(Collected data)
=== Section Start ===
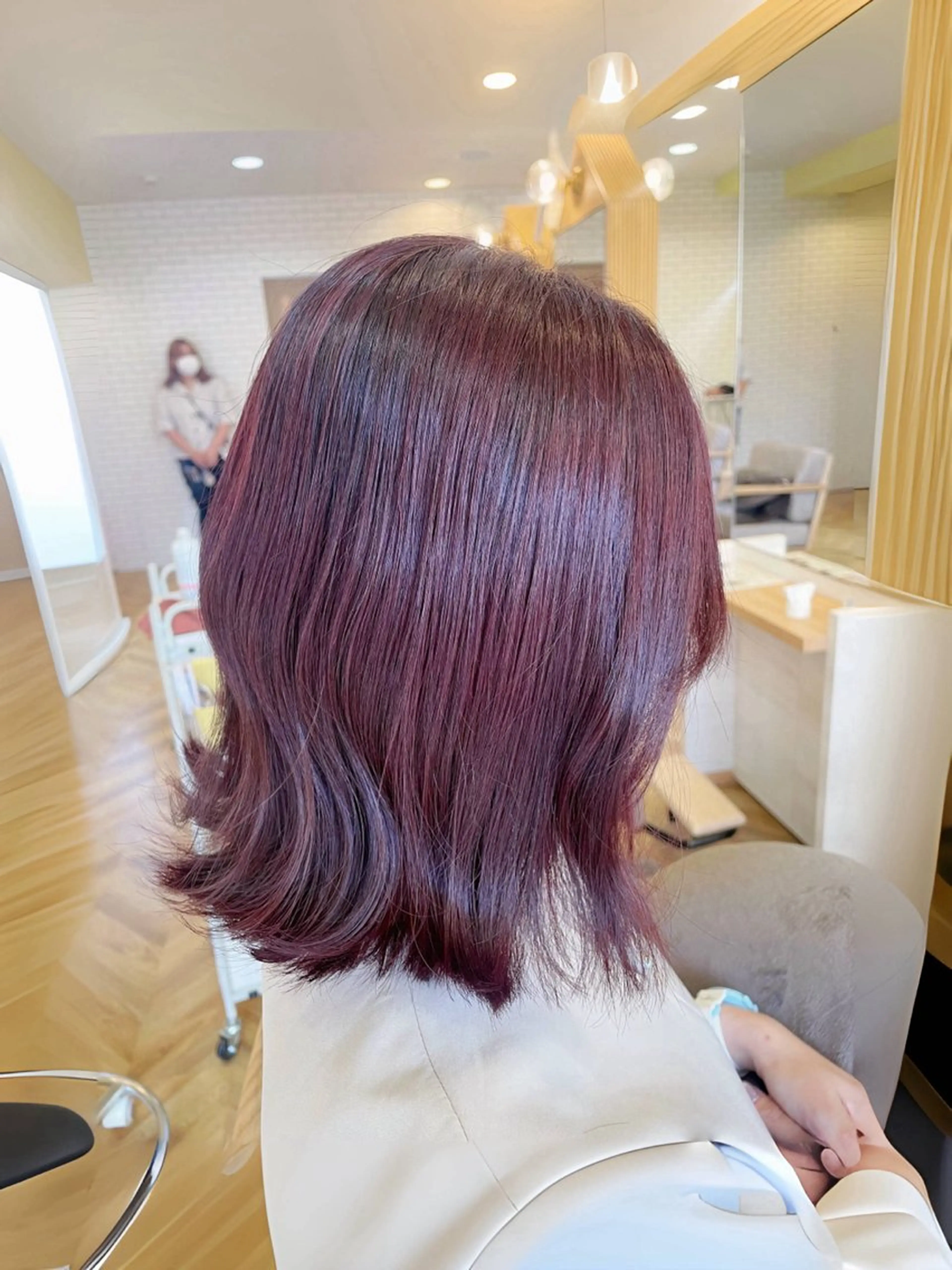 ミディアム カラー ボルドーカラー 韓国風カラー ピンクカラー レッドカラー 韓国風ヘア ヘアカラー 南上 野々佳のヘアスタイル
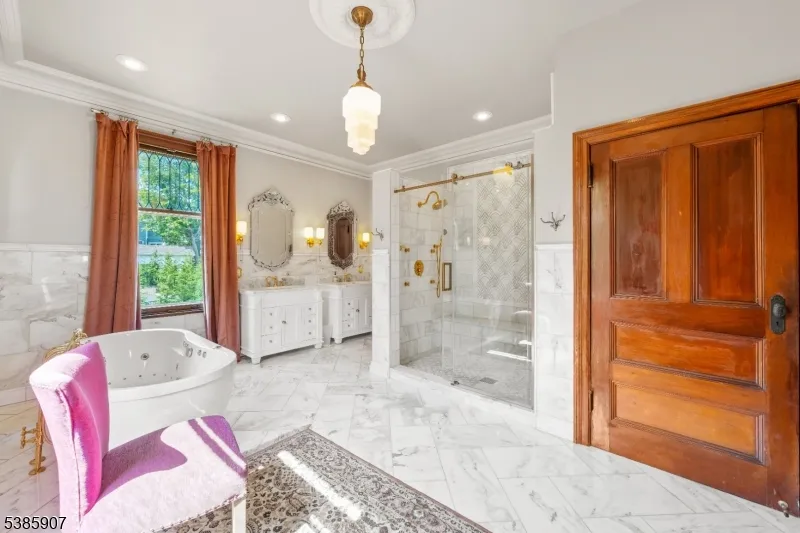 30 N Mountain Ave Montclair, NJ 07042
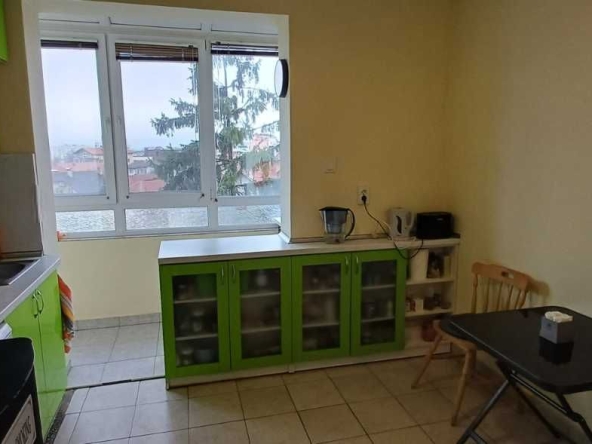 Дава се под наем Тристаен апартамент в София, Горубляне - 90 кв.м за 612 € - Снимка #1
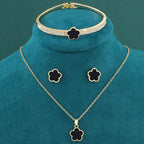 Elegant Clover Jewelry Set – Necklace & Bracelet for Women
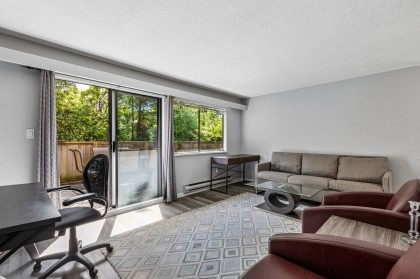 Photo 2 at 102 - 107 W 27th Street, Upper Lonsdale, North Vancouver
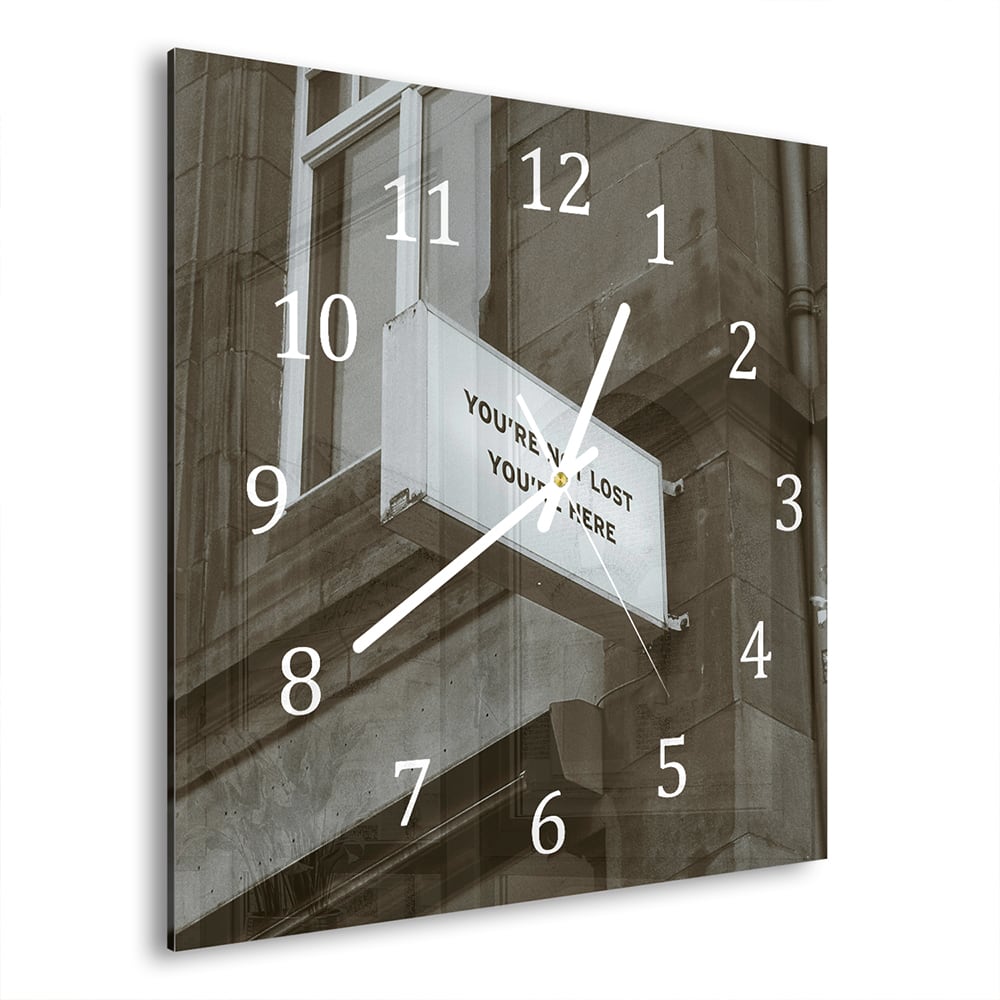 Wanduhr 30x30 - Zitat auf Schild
=== Section End ===
=== Section Start ===
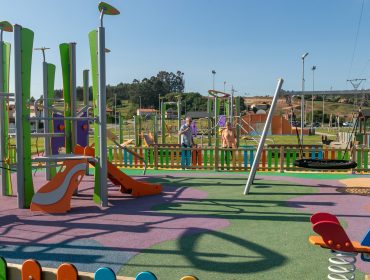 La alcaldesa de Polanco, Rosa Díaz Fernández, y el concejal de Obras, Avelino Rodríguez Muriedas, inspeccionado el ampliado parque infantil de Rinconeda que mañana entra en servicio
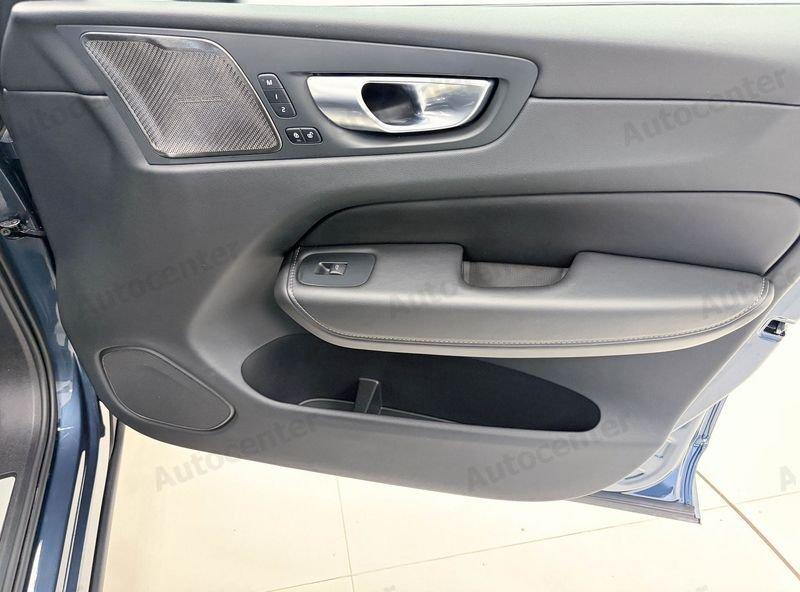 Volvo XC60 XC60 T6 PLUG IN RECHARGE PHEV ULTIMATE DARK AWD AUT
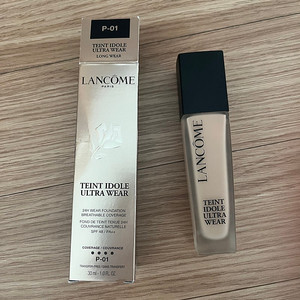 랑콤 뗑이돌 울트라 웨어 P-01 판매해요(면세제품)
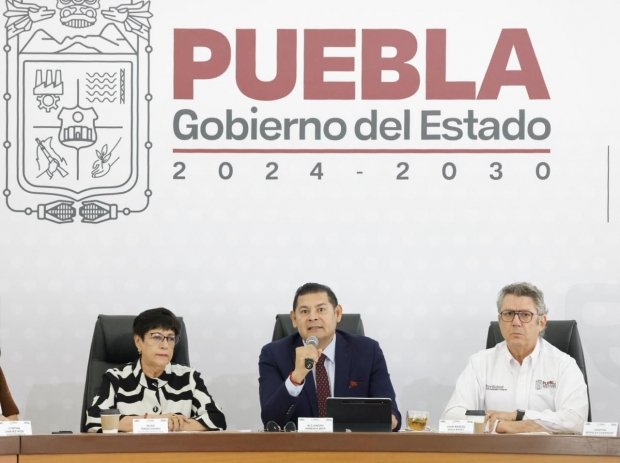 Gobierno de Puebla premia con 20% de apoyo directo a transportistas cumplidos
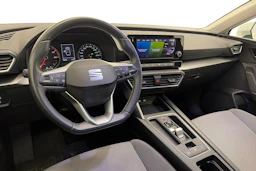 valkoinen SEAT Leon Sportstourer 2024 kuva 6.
=== Section End ===
--- What to work on ---
In the data above, the stretch from the line with "ミディアム カラー ボルドーカラー" through the line with "Wanduhr 30x30 - Zitat auf Schild" is to be returned exactly, minus any pictures.

--- Written solution ---
 ミディアム カラー ボルドーカラー 韓国風カラー ピンクカラー レッドカラー 韓国風ヘア ヘアカラー 南上 野々佳のヘアスタイル
 30 N Mountain Ave Montclair, NJ 07042
 Дава се под наем Тристаен апартамент в София, Горубляне - 90 кв.м за 612 € - Снимка #1
 Elegant Clover Jewelry Set – Necklace & Bracelet for Women
 Photo 2 at 102 - 107 W 27th Street, Upper Lonsdale, North Vancouver
 Wanduhr 30x30 - Zitat auf Schild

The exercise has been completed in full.